Your objective »
Nothing in the records may be altered. Repeat them in full.

Saved entries:
----------------------------------------
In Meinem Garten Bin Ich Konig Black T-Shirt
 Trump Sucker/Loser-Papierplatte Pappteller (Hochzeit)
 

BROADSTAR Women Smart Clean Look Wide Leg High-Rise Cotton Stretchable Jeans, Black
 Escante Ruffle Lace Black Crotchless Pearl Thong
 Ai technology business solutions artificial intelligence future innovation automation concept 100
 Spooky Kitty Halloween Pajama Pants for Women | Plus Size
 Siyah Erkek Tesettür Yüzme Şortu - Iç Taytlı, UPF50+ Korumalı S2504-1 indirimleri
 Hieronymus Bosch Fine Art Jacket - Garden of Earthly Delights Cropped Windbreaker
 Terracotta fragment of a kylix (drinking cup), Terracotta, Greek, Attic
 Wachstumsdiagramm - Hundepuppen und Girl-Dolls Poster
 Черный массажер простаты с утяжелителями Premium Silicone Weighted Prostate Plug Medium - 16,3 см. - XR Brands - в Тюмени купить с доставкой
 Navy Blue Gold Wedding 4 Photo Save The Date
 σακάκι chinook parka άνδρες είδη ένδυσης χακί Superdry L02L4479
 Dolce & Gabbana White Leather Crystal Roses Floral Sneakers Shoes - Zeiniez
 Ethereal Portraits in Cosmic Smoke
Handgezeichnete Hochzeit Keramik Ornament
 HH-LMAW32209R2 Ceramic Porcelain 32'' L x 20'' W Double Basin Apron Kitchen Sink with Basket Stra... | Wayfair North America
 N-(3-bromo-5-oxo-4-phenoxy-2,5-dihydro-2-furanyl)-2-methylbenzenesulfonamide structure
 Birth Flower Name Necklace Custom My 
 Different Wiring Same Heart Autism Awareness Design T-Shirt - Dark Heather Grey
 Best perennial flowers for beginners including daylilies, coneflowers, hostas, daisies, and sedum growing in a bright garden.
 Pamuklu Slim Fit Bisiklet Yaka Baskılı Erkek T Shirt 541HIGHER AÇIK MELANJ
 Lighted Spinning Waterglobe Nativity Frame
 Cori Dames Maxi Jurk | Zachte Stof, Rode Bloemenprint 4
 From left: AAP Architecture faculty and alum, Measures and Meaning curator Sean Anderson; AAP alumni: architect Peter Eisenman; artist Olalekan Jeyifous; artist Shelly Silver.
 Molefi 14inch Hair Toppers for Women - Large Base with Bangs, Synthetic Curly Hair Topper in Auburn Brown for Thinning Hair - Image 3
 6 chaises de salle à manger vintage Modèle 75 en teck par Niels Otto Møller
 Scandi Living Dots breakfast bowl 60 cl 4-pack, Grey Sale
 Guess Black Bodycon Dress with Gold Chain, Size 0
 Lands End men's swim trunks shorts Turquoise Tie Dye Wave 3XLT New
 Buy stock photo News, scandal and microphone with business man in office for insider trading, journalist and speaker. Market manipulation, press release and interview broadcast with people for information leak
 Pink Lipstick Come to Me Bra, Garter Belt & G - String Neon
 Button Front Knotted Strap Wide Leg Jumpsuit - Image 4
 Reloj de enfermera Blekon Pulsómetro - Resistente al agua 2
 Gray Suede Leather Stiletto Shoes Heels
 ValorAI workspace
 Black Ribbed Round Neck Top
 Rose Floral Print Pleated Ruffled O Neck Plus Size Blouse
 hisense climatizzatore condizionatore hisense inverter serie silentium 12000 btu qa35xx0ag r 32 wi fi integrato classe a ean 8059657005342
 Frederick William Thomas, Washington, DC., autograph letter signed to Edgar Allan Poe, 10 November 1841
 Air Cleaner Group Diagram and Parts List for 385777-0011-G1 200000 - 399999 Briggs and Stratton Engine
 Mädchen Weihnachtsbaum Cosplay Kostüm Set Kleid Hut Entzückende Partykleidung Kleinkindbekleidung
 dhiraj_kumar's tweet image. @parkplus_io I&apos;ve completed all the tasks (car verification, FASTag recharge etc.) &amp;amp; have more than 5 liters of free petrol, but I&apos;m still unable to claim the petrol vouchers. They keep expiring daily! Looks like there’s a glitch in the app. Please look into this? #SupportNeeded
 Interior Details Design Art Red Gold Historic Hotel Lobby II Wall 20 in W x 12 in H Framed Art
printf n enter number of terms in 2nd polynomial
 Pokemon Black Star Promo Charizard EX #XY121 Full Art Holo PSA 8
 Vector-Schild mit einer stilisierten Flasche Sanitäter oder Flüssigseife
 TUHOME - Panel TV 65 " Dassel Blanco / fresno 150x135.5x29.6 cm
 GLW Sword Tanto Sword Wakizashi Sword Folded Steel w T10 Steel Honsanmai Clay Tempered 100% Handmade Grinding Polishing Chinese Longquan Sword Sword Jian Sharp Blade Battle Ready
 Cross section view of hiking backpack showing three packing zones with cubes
----------------------------------------
Exercise result »
In Meinem Garten Bin Ich Konig Black T-Shirt
 Trump Sucker/Loser-Papierplatte Pappteller (Hochzeit)
 

BROADSTAR Women Smart Clean Look Wide Leg High-Rise Cotton Stretchable Jeans, Black
 Escante Ruffle Lace Black Crotchless Pearl Thong
 Ai technology business solutions artificial intelligence future innovation automation concept 100
 Spooky Kitty Halloween Pajama Pants for Women | Plus Size
 Siyah Erkek Tesettür Yüzme Şortu - Iç Taytlı, UPF50+ Korumalı S2504-1 indirimleri
 Hieronymus Bosch Fine Art Jacket - Garden of Earthly Delights Cropped Windbreaker
 Terracotta fragment of a kylix (drinking cup), Terracotta, Greek, Attic
 Wachstumsdiagramm - Hundepuppen und Girl-Dolls Poster
 Черный массажер простаты с утяжелителями Premium Silicone Weighted Prostate Plug Medium - 16,3 см. - XR Brands - в Тюмени купить с доставкой
 Navy Blue Gold Wedding 4 Photo Save The Date
 σακάκι chinook parka άνδρες είδη ένδυσης χακί Superdry L02L4479
 Dolce & Gabbana White Leather Crystal Roses Floral Sneakers Shoes - Zeiniez
 Ethereal Portraits in Cosmic Smoke
Handgezeichnete Hochzeit Keramik Ornament
 HH-LMAW32209R2 Ceramic Porcelain 32'' L x 20'' W Double Basin Apron Kitchen Sink with Basket Stra... | Wayfair North America
 N-(3-bromo-5-oxo-4-phenoxy-2,5-dihydro-2-furanyl)-2-methylbenzenesulfonamide structure
 Birth Flower Name Necklace Custom My 
 Different Wiring Same Heart Autism Awareness Design T-Shirt - Dark Heather Grey
 Best perennial flowers for beginners including daylilies, coneflowers, hostas, daisies, and sedum growing in a bright garden.
 Pamuklu Slim Fit Bisiklet Yaka Baskılı Erkek T Shirt 541HIGHER AÇIK MELANJ
 Lighted Spinning Waterglobe Nativity Frame
 Cori Dames Maxi Jurk | Zachte Stof, Rode Bloemenprint 4
 From left: AAP Architecture faculty and alum, Measures and Meaning curator Sean Anderson; AAP alumni: architect Peter Eisenman; artist Olalekan Jeyifous; artist Shelly Silver.
 Molefi 14inch Hair Toppers for Women - Large Base with Bangs, Synthetic Curly Hair Topper in Auburn Brown for Thinning Hair - Image 3
 6 chaises de salle à manger vintage Modèle 75 en teck par Niels Otto Møller
 Scandi Living Dots breakfast bowl 60 cl 4-pack, Grey Sale
 Guess Black Bodycon Dress with Gold Chain, Size 0
 Lands End men's swim trunks shorts Turquoise Tie Dye Wave 3XLT New
 Buy stock photo News, scandal and microphone with business man in office for insider trading, journalist and speaker. Market manipulation, press release and interview broadcast with people for information leak
 Pink Lipstick Come to Me Bra, Garter Belt & G - String Neon
 Button Front Knotted Strap Wide Leg Jumpsuit - Image 4
 Reloj de enfermera Blekon Pulsómetro - Resistente al agua 2
 Gray Suede Leather Stiletto Shoes Heels
 ValorAI workspace
 Black Ribbed Round Neck Top
 Rose Floral Print Pleated Ruffled O Neck Plus Size Blouse
 hisense climatizzatore condizionatore hisense inverter serie silentium 12000 btu qa35xx0ag r 32 wi fi integrato classe a ean 8059657005342
 Frederick William Thomas, Washington, DC., autograph letter signed to Edgar Allan Poe, 10 November 1841
 Air Cleaner Group Diagram and Parts List for 385777-0011-G1 200000 - 399999 Briggs and Stratton Engine
 Mädchen Weihnachtsbaum Cosplay Kostüm Set Kleid Hut Entzückende Partykleidung Kleinkindbekleidung
 dhiraj_kumar's tweet image. @parkplus_io I&apos;ve completed all the tasks (car verification, FASTag recharge etc.) &amp;amp; have more than 5 liters of free petrol, but I&apos;m still unable to claim the petrol vouchers. They keep expiring daily! Looks like there’s a glitch in the app. Please look into this? #SupportNeeded
 Interior Details Design Art Red Gold Historic Hotel Lobby II Wall 20 in W x 12 in H Framed Art
printf n enter number of terms in 2nd polynomial
 Pokemon Black Star Promo Charizard EX #XY121 Full Art Holo PSA 8
 Vector-Schild mit einer stilisierten Flasche Sanitäter oder Flüssigseife
 TUHOME - Panel TV 65 " Dassel Blanco / fresno 150x135.5x29.6 cm
 GLW Sword Tanto Sword Wakizashi Sword Folded Steel w T10 Steel Honsanmai Clay Tempered 100% Handmade Grinding Polishing Chinese Longquan Sword Sword Jian Sharp Blade Battle Ready
 Cross section view of hiking backpack showing three packing zones with cubes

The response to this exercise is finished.